Thinking through a realistic wishlist for Eurobusiness


Premium travel within Europe is a funny business. Airlines still need it in order to fight for longhaul connecting traffic, but all too often it’s an afterthought and the first source of cost-cutting rather than an attempt to provide a proper premium service. But what could a modern, forward-thinking airline do — within the bounds of a reasonable airline context — to truly win customers?

Let’s start with the seats. As much as anyone would love to see proper business class seating within Europe, it’s unlikely to happen in the near term. However, there’s a lot of space between a 38” pitch recliner and the 30” of pitch that some airlines (British Airways, for example) offer in a no-middle-seat layout.

It seems to me that any decent Eurobusiness should be aiming for a minimum of 32” of seat pitch in the convertible business/economy zone. That’s not just for knee room given the new generation of seats, it’s to enable passengers to pull out a laptop or tablet-plus-keyboard and get things done.

I’m ambivalent about the side table that folds out from underneath the middle seat, though. While on the one hand it can be convenient, and certainly looks the part, it also means that you can’t just pop your laptop bag in the middle seat during the flight to pull out and stow devices and documents as a cocktail arrives, as the meal is served, and so on.

Is BA’s centre table truly necessary? Image: John Walton

Let’s also talk about what happens on a turboprop, CRJ or E-Jet where seating is 2-2. Some airlines like Lufthansa start from the principle that Eurobusiness means “a spare seat next to you”, where others like Finnair work on the basis that it means “no middle seat”. On these aircraft, that means that the former kind of airline offers a 1-1 layout, while the second offers 2-2.

I’m very much on the Lufthansa side here: these regional aircraft are a crucial part of the network for Europe’s network airlines, with numerous key non-hub business cities’ dynamic market demand meaning they see these aircraft. Indeed, Finnair’s policy has always surprised me given the length of some of the airline’s E190-operated flights. The business class markets to and from these cities are often an equally crucial part of the financial equation, and providing a premium service on these smaller aircraft with their smaller galleys, smaller bins and smaller cabins is a tough enough sell without squeezing passengers in.

The neighbourless choice on 2-2 aircraft like this Embraer E-Jet is one where airlines can differentiate. Image: John Walton

At this point, the lack of in-seat power across almost all of Europe’s fleets seems almost shocking. Eurobusiness deserves at the very least high-power USB sockets, and full universal AC power would be even smarter to account for the wave of USB Type-C devices, especially the more demanding ones.

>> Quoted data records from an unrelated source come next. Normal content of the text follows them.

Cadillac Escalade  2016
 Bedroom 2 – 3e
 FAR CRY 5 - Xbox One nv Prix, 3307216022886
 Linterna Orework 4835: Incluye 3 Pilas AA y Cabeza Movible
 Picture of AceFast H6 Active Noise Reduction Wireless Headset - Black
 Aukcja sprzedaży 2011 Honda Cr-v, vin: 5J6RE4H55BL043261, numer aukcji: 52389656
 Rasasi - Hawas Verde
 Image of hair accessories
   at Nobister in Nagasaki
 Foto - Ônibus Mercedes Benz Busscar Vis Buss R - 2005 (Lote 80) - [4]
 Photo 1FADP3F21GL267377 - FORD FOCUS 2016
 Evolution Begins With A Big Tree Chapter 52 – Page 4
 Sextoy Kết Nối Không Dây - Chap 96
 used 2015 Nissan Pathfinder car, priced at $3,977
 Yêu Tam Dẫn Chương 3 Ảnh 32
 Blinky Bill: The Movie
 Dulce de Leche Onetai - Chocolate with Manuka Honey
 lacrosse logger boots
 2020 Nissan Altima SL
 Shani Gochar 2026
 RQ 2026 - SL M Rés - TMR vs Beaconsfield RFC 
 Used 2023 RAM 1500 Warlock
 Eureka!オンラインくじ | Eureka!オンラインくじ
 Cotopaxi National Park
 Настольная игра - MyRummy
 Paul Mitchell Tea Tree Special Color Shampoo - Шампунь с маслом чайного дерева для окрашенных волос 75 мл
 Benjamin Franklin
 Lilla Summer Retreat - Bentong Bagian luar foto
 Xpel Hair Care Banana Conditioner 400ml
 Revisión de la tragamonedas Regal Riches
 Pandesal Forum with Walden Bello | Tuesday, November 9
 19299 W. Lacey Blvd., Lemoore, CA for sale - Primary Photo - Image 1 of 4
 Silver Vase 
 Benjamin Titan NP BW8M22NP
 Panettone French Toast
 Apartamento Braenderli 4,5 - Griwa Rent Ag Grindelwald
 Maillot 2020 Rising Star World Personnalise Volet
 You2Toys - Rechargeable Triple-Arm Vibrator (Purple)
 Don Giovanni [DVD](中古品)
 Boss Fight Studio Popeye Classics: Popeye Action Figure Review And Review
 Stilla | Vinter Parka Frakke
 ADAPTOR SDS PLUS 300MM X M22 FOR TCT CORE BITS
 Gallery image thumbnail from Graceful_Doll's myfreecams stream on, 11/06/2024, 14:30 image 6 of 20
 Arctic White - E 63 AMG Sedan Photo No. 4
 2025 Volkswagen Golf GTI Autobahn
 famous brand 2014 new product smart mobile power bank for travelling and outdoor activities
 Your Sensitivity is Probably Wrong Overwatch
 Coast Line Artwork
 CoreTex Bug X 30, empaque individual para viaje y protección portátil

Entertainment, too, is lacking: seatback is practically nonexistent and the few forays into streaming IFE haven’t overly impressed. We’re continually shown how cost-efficient the box-in-a-bin solutions can be, and indeed airlines are missing out on offering options like intriguing, snackable shorts on the 30- to 120-minute flight sectors that characterize Eurobusiness. It’s easy enough to make a streaming product complimentary up front, but it may well be that airlines are waiting for their inflight connectivity to arrive.

On which note, Europe’s wifi is finally starting to arrive. Airlines need to bite the bullet and make it free in the pointy end as part of the package.

The food and beverage choices in Eurobusiness also need some work, especially as more airlines are providing better buy-on-board options in economy. Look at what many business class passengers will probably be having for lunch when they’re not flying: a sandwich, wrap or salad from Pret à Manger or Starbucks.


With the rise in buy-on-board, airlines have a chance to shake up their catering operations. Image: John Walton

On balance, it seems to me that given the cost of designing and catering a regularly changing set of doggy-dish dinners, the more compelling offering is to allow business class passengers free rein of the buy-on-board menu, like low-cost carriers such as Vueling and Eurowings offer.

This could be smartened up a bit: plate a warmed sandwich or appealing salad with vegetable crisps and a piece of cake, add cutlery and crockery — even add a specially created business class dessert or a little box of co-branded chocolates to either scoff on the plane or take with you — and that’s already better than most of the Eurobusiness.


It’s hard to beat Finnair’s gorgeous glassware. Image: John Walton

On the beverage side, it’s all about the morning coffee and the afternoon free bar, but there’s much room for creativity here too. Rather than just wheeling the trolley round, create a menu of easy-to-produce cocktails from what’s already on the plane, perhaps with a little bartender kit to spice things up a bit. Add a little shaker of bitters to the inflight trolley to enable flight attendants to offer a pink gin, Old Fashioned or traditional Champagne cocktail, or even just a mini-bottle of crème de cassis to zhoozh up the usual sparkling wine into a Kir royale.

And that, really, is the key to Eurobusiness: some careful thought and planning for the soft product, mixed with a hard product that isn’t completely a joke, and you’re ahead of 80% of the market.